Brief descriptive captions
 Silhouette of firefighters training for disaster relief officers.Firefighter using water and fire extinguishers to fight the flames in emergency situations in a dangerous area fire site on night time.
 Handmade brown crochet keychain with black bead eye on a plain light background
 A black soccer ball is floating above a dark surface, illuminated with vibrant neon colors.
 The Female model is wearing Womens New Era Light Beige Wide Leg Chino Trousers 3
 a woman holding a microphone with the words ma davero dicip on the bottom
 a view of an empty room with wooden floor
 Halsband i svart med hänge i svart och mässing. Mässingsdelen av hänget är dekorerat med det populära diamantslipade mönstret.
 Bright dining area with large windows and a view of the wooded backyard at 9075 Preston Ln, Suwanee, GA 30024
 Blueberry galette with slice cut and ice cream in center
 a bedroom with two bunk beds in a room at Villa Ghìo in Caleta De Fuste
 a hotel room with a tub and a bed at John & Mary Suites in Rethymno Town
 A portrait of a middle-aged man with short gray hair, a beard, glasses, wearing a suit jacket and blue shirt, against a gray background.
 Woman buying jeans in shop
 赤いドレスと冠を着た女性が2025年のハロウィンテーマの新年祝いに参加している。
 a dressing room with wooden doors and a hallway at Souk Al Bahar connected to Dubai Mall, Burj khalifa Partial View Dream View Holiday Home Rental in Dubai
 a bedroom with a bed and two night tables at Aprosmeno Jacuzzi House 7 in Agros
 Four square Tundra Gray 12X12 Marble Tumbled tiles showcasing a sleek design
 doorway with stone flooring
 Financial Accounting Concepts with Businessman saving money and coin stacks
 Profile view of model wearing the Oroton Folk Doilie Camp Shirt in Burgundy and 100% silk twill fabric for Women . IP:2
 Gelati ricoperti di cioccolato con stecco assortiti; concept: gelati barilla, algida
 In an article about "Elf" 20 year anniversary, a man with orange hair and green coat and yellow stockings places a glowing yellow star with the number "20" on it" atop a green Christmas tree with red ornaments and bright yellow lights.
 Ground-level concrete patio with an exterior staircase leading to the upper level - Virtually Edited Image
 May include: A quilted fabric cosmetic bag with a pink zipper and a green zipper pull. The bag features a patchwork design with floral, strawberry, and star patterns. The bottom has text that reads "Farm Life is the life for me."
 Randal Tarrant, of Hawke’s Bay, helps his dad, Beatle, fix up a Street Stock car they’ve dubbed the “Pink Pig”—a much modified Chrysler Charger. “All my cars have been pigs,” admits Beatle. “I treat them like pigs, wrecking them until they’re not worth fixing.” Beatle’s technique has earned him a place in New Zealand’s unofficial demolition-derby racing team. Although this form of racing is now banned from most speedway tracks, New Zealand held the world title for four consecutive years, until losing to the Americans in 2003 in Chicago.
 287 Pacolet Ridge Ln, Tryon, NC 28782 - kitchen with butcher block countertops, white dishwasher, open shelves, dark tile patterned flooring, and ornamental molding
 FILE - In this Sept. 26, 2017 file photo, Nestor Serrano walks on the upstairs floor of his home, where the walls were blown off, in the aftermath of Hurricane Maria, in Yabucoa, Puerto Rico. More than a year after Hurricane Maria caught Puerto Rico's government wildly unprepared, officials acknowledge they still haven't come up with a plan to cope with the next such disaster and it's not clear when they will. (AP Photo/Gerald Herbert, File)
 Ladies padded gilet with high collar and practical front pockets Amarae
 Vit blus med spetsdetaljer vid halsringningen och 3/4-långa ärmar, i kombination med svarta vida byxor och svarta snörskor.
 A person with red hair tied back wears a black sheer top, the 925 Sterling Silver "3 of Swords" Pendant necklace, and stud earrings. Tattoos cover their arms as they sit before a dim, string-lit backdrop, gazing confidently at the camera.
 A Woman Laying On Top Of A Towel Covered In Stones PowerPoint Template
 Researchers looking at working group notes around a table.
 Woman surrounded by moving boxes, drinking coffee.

**WORK ORDER**
The total, and only the total: count the lines above that contain "model".

**COMPLETED EXERCISE**
2